Les hauteurs, à vrai dire, ne vont pas sans évoquer quelque étrange travestissement, d’un volume qu’on découvre parfois un peu nu. Encore un peu, et la tour d’habitation, au milieu de ses riches consœurs, ferait figure de passager clandestin – c’est peut-être un signe. La « coiffe » évoque un instant ces plaques de plastiques colorées, percées de formes en tous genres, dont nous raffolions en notre enfance. Le métal, pourtant, capte fort bien la lumière, s’en idéalise. Et la pixellisation n’est pas sans charme.

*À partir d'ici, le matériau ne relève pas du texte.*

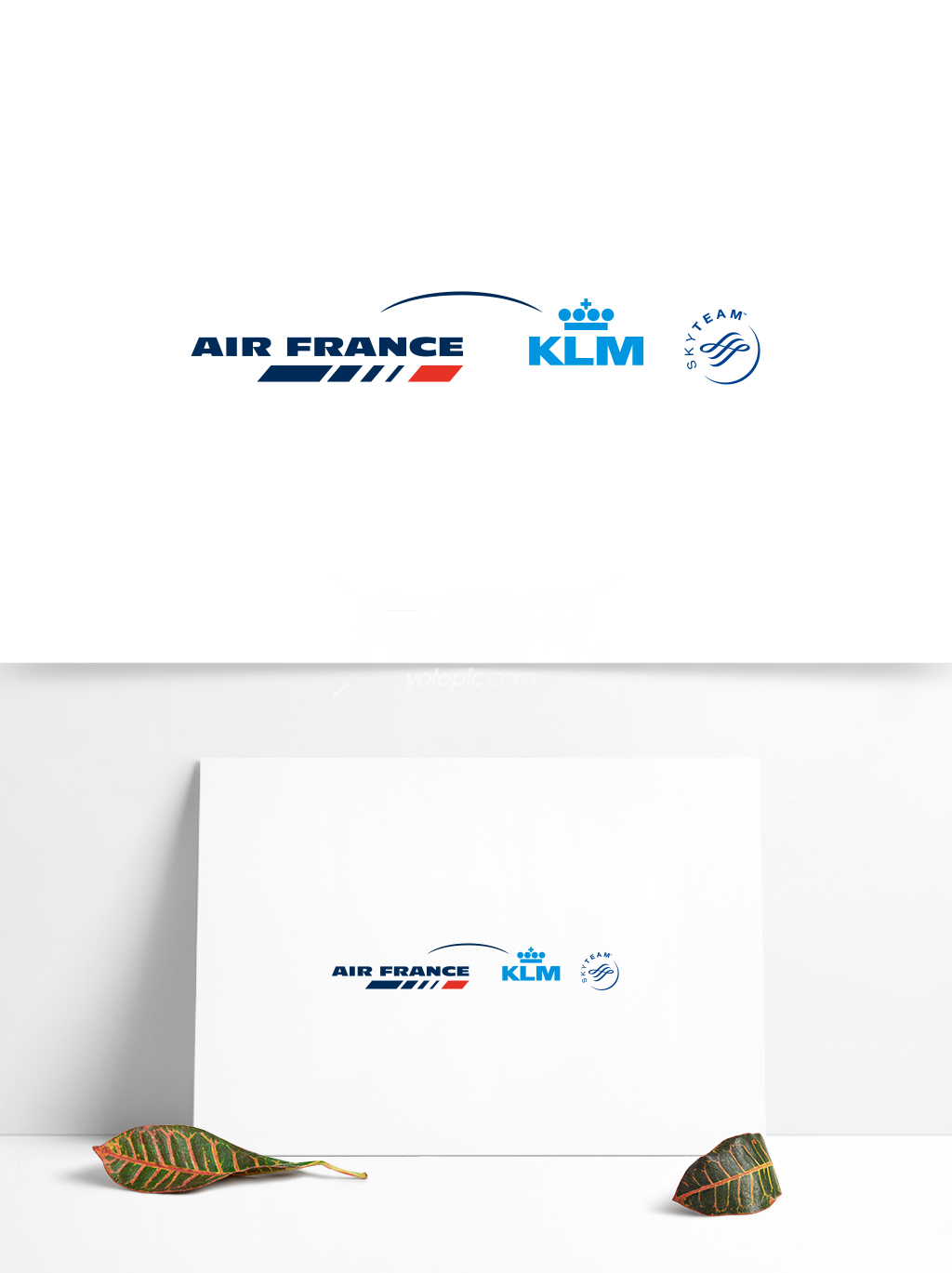 全球航空业标志设计 (42)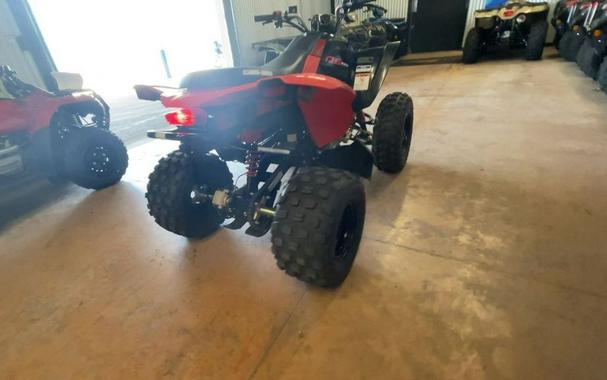 2026 Can-Am® DS 250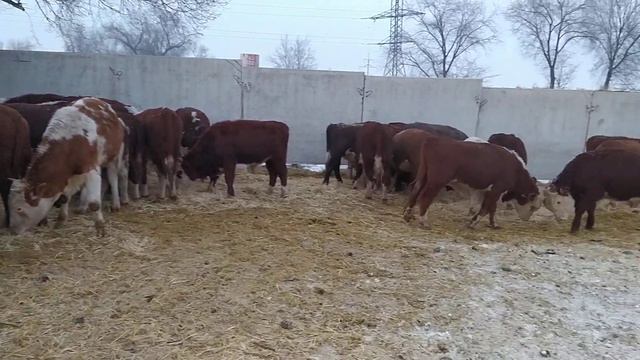 бычки сментал из горного Алтая смотреть онлайн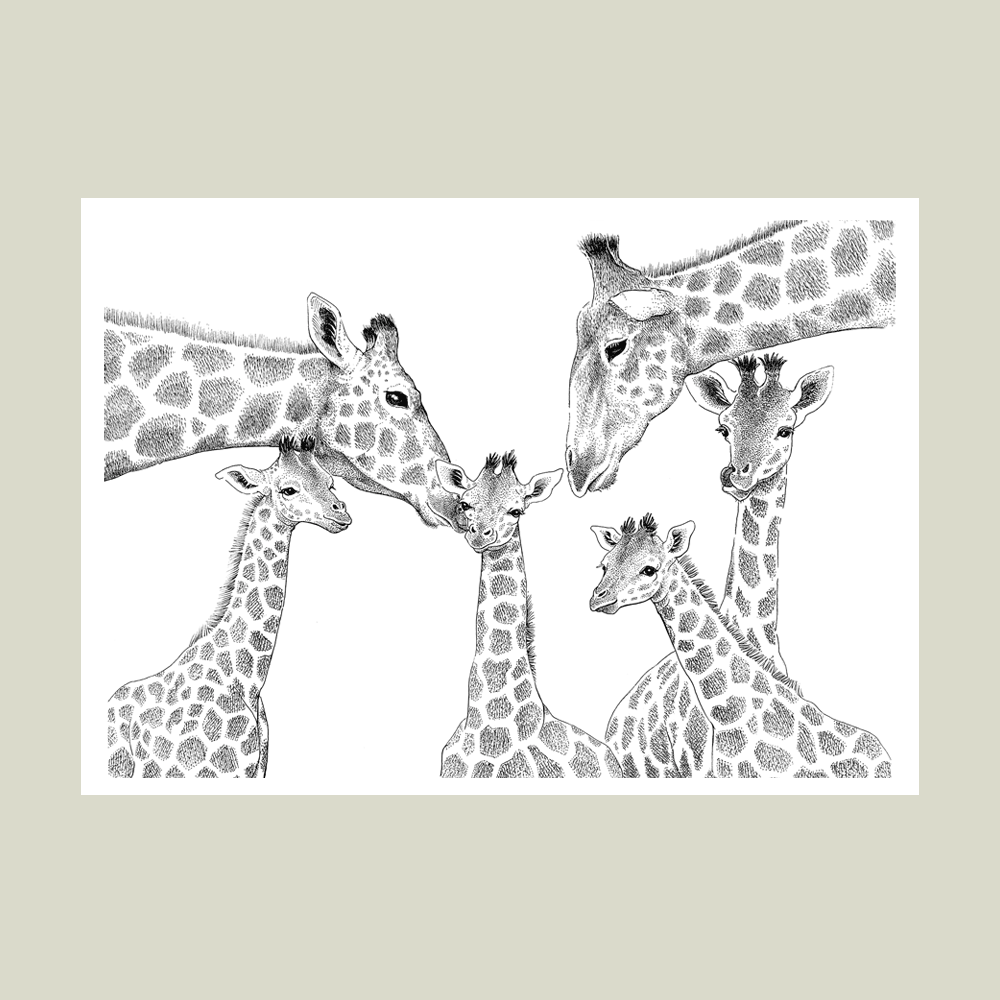 Plakat – Kærlighed uden lige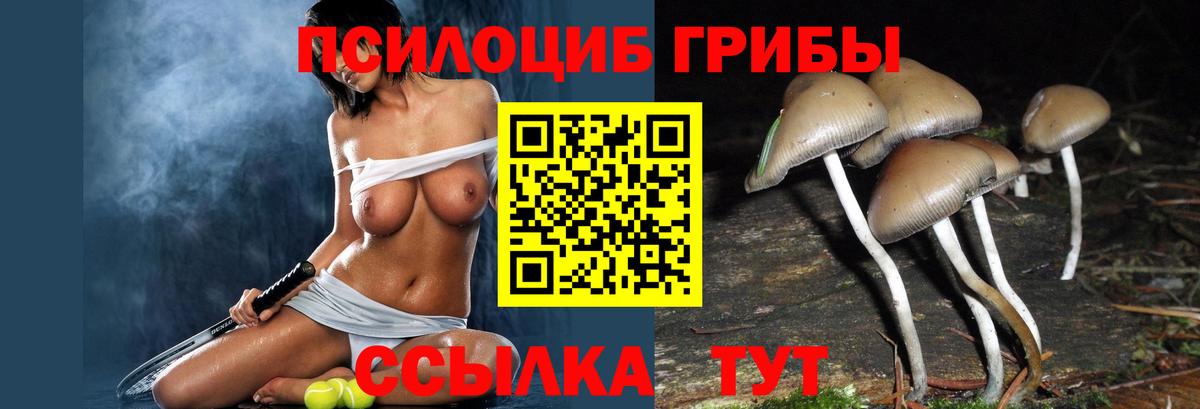 Псилоцибиновые грибы ЛСД Белогорск
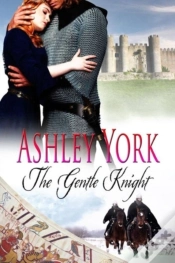 Capa do artigo The Gentle Knight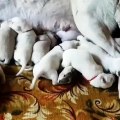 SEViMLi ALABAY COBAN KOPEGi YAVRULARINA ANNE SUTU - CUTE ALABAi SHEPHERD DOG PUPPiES MiLK MOM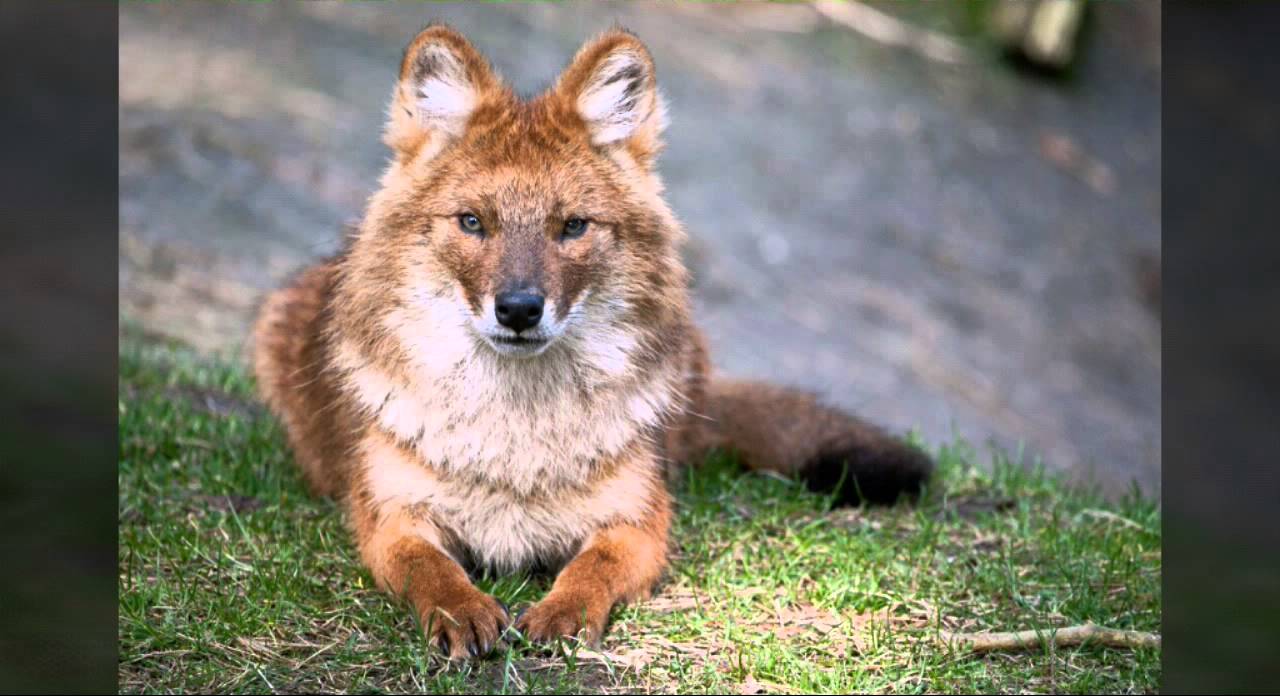 Красный горный волк. Красный горный волк. Тянь-шанский красный волк. Красный волк. Красный горный волк.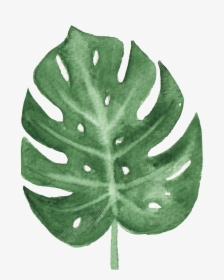Deliciosa,tree,flower - Watercolor Transparent Leaves Png, Png Download, Free Download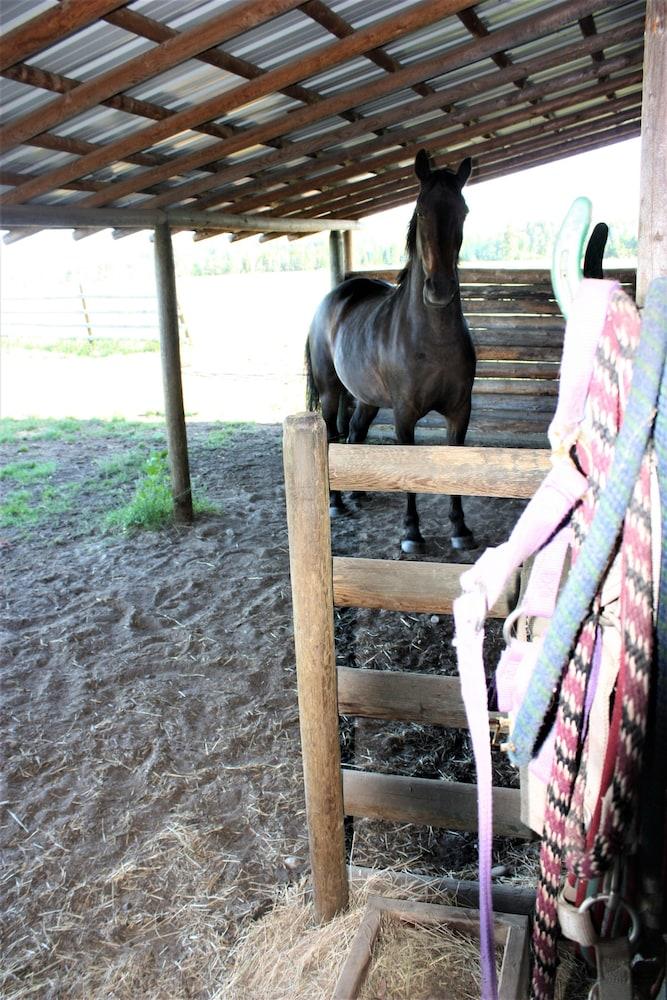 Woodhouse Cottages And Ranch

Pour finir, rien à faire : il y a quelque chose de Tétris en cette étonnante façade. Et l’image insiste d’autant plus qu’elle relit à sa manière le rapport entre la tour et l’école de commerce, qui semblent sur le point de s’encastrer. Tétris : un jeu, un art aussi de l’assemblage, de la continuité – sur un terrain, la fin de dalle, que tout concourt à morceler. Une touche d’informatique, encore, pour dépasser la banalité des tours d’argent en tous genres, leur ordre ancien. Tout au bout de l’axe ou presque, à Nanterre, l’agence X-TU a elle aussi travaillé sur la pixellisation pour animer la part d’alignement dont elle avait la charge. Et l’on rêverait, pour compléter la donne, qu’une autre part ait été confiée à Stéphane Maupin, qui sait y faire. Il y eût eu là une ville véritablement programmée… et ludique tout à la fois.

Illustration 8
XTU, immeuble d'habitation sur le grand axe, Nanterre (c) Luc Boegli

Car il s’agit de ville. Et doublement même : notre tour d’habitation est la première du genre à pousser à La Défense depuis trente ans. On repeuple. Le programme imposé aux architectes permet pourtant de deviner un peu quel type de ville se rêve en ces lieux. Les duplex en accession ne dépassent pas le F2. Trop d’équipements publics eussent dû être financés si des familles s’étaient vraiment installées : crèches, écoles… On sera donc de passage (ou peu prolifique). Quant aux logements étudiants qui se partagent les premiers étages, ils se divisent en studios et appartements partagés. Chacun sa chambre, une cuisine, une salle de bain. Mais attention : trois frigos ; trois lavabos. On ne fait pas à moins. L’idée de communauté, après tout, ne souffre pas que dans sa mise en scène la plus spectaculaire.